Published on 12:00 AM, January 27, 2017

Blind Samiul raises family on flute songs

Samiul playing his mesmerising flute in a train. Photo: Star

Did you ever consider how the rhythmic rattle of a train is a kind of percussion? As town-and-country landscape rushes by outside the window, to the train's steady movement and with that familiar ta-tum-ta-tum-ta-tum repetition it can feel rather meditative. It's what makes train travel special. Oftentimes, all that's really missing is some sweet melody to accompany the base.

If the train is travelling anywhere near Jamalpur or Mymensingh and you're lucky enough, you might just catch the melody too. Samiul Haque, often known as Thandu Miah, from Kushulnagar village in Jamalpur's Bakshiganj upazila, is a fifty-year-old blind man who earns his keep by entertaining passengers with enchanting flute songs. In the whole of his life there's never been a day when he simply begged.

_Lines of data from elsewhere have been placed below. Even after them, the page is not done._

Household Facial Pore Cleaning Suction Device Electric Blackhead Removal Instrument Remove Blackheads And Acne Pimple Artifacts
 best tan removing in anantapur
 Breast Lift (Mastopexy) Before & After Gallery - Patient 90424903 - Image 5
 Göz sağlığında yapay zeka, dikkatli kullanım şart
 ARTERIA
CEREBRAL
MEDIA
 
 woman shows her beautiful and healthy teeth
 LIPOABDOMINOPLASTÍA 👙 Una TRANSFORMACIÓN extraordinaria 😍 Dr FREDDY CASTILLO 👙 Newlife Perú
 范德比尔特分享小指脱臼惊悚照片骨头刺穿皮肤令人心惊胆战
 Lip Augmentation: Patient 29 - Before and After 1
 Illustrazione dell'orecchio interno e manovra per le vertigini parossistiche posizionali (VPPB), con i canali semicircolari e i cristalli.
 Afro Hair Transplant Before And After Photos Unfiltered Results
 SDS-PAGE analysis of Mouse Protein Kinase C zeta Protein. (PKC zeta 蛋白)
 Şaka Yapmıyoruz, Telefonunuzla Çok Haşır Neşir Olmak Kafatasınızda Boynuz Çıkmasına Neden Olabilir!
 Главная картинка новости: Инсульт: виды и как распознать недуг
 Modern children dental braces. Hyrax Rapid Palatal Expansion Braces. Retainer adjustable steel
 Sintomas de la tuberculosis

Last Thursday afternoon The Daily Star met him on the Mymensingh-bound Teesta Intercity service from Jamalpur. “I like to play the songs of Abdul Alim, and baul songs, especially those composed by Shah Abdul Karim,” he says.

“My daughter Jannatul Ferdous is an intermediate student at a college in Bakshiganj while my son Jahangir Alam studies in class nine at a local high school. My mission in life is to support my children so they can achieve higher education. For my children I absolutely do not want a life that's as painful as mine has been.”

It's the wafting notes of his mesmerising flute melodies that promise to make his dreams for his children become reality.

Samiul is a mostly self-taught flautist who started learning the instrument from a young age. He had some lessons from one Sukur Miah of his locality and later studied for short periods under a number of baul artists including Ustad Moniz Miah of Phulkarchar in Bakshiganj and Ustad Monir Miah in Dhaka.

“I don't always play on the trains,” Samiul explains, “I also stay in Dhaka where I can earn up to Tk 500 per day from busking on the city streets. Now and then I accompany baul artists to the capital, often on national holidays like Pahela Boishakh, the Bengali New Year. They usually cover the travel costs.”

“The pressure of family expenses became especially burdensome ten years ago after the death of my parents,” Samiul explains. “My father was a deed writer at a Bakshiganj sub-registry office; both of them used to help me financially. But since then I'm running the family on my own.”

“I do get Tk 600 in disability allowance from the government,” he adds, “but nobody can run a family on that.”

Despite his hardship, in a way Samiul is yet fortunate since where pension runs outs he's found his flute songs can take over. And through his days of music and struggle he's providing his children with a priceless gift: the education that will hopefully make their lives even more fortunate than that of a blind man armed with flute songs. It's almost a type of welcome percussion to the melodies of their own lives he's giving them, a rhythm that's far more soothing than even the sound of a train.